Saturday, September 23, 2017

Silence, Experience, & the “Book” of Knowledge

The foundation of Paradise is knowledge and action—that’s the line from last night’s reading in Rumi’s Mathnawi that captured my attention (Book IV, line 478, Nicholson translation).  And five lines later: “The life of the everlasting Abode (Paradise) exists in the heart: since it comes not on to my tongue, what is the use (of my attempting to describe it)?” 
     Of course, Heaven described as “streets of gold” (Rev 21:21) must be metaphoric, but of what? The lines from Rumi lead to musing about Paradise and the way.
1. Heaven’s structure is not of this world’s building materials (not of “dead water and earth,” line 476); instead of bricks of any color, paradise is founded on “knowledge and action.” But with so many books and even quite diverse notions of what counts as knowledge, where is the kind that builds Heaven? It must be that which “exists in the heart.” Then what action is also needed for the foundation? Recent pondering points to experience that is fashioned by reflecting out “the microcosmic form of the Divine Being” (from Henry Corbin, Alone with the Alone, p. 222; see previous blog). 
2. Words are risky. Paradise “comes not on to my tongue.” When we have the same word (i.e., “knowledge” as well as “action”) being applied to different worlds, we risk overimposing false meanings. When Alan Williams articulates seven forms of discourse (“voices”) interwoven in the syntax of Rumi’s Mathnawi, he includes “hiatus.”
“The ‘voice’ of hiatus signals the limit of spiritual discourse and the return to silence. Hiatus questions the wisdom of continuing to speak, having reached the brink of incoherence because of the unattainability, or inexpressability of what the poet is trying to evoke." (Rumi: Spiritual Verses, p. xxv)
3. Advanced understanding and heightened consciousness depend on “getting it” through a form of knowing that differs from the usual rational process.
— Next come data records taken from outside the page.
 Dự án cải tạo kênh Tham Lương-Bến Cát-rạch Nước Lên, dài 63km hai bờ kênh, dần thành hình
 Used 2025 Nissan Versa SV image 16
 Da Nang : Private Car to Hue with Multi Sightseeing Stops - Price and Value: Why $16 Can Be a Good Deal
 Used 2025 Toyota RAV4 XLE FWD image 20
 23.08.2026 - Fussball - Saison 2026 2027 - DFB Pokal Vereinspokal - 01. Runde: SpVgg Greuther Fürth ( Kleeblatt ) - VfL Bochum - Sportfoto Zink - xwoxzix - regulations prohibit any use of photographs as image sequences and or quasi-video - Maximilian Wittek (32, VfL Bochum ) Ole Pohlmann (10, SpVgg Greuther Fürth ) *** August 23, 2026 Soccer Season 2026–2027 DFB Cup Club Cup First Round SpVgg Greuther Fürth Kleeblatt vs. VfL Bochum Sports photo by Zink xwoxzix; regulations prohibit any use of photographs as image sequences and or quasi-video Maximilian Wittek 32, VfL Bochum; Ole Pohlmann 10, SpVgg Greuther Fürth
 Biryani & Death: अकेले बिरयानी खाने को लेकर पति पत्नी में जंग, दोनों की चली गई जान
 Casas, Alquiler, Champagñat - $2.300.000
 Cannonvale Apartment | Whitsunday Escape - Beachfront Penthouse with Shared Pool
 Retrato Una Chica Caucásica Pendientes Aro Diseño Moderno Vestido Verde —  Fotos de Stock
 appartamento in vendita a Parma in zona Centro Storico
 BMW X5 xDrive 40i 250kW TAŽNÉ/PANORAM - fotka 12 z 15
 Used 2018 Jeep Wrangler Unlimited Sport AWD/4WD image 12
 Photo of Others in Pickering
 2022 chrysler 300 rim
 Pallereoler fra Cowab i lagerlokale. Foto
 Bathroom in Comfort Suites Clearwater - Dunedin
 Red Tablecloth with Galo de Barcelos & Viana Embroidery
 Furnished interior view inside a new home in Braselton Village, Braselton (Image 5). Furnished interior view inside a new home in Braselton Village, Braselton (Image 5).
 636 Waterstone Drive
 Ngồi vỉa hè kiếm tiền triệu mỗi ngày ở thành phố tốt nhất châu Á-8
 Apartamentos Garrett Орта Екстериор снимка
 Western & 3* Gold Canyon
     So much of this world’s enactment of “knowledge” is irrelevant to the spiritual world; head-stuff easily turns arrogant, dismissive of any other kind of knowing. For example, academics often label the knowledge found through storytelling as imaginary, childish, and of little to no value. If a person is dominated by the view of knowledge learned in most schools, chances shrink for entering the Imaginal World (c.f. Alone with the Alone), and that’s possibly disastrous as far as building a dwelling place into the divine. We need to teach and learn the difference between imaginary and imaginal. We’re stuck in elementary school if we haven’t progressed beyond the false dichotomy that facts are true and fiction false.
     Facts and scientific proofs have their purposes, but “knowledge” has many constructions. Wikipedia surveys some possibilities, starting with epistemology and then moving through situated knowledge and on to religious knowledge.
     Of course, when a person enters a religious institution, the shift from head to heart does not automatically happen. On the contrary, terms that spiritual leaders use for the heart level easily turn upside down when manipulated by the head and for power trips. Look at all the managed confusion related to “jihad” mixing up 1) the intense struggle for inner cleansing with 2) terrorism. Or, again, consider the head vs. heart on “immigrants.” Who is the “neighbor” Jesus talks about and how are persons of God to care for the stranger?
This is what the Lord says: Do what is just and right. Rescue from the hand of the oppressor the one who has been robbed. Do no wrong or violence to the foreigner, the fatherless or the widow, and do not shed innocent blood in this place.(Jeremiah 22:3, NIV)
     Preparation for Paradise depends on a kind of knowing other than that of the head. Heart-knowledge is approached as a mirror. We move into the unknown through likeness. The Imaginal World forms out of continuing to interpret. Knowing comes by seeking and realizing the truth, often found in a leap from one experience into awe. . . “out beyond ideas of wrongdoing and rightdoing…
     My favorite and most generative experience for making these leaps comes in horsemanship (and they come without leaving the saddle as well as without physically jumping fences). My aim in this horse/human experience is health, relationship, and exuberance. Leg’cy today looks more fit than before we began working together. Her history of lameness has been replaced with happy cantering. Catching her in the paddock used to be a frustrating challenge; now she runs to the gate and willingly accepts the halter. My vitality gets a boost from our time together and I believe she’s humming also.
     Through these experiences with rider and horse, I’m beginning to realize glints of insight about the meaning of the teaching: He who knows himself (his soul) knows his Lord (cf., Me and Rumi, quoted in previous blog; Alone with the Alone, e.g. p. 266; He Who Knows Himself Knows His Lord). For example, I have a feeling of joy when my intention takes powerful form in Leg’cy. It’s as if she claims our “action” as her own idea. I’m happy with her empowerment even as I also credit the many hours I’ve spent preparing for and signaling the “leap” she takes. Looking at this dynamic, I gain appreciation for the “set up” provided for me by my Lord, including experiences that, at the time, I felt were harsh and frustrating. Perhaps when I feel I’m acting with integrity to my self/soul, my Lord has led me there and feels joy.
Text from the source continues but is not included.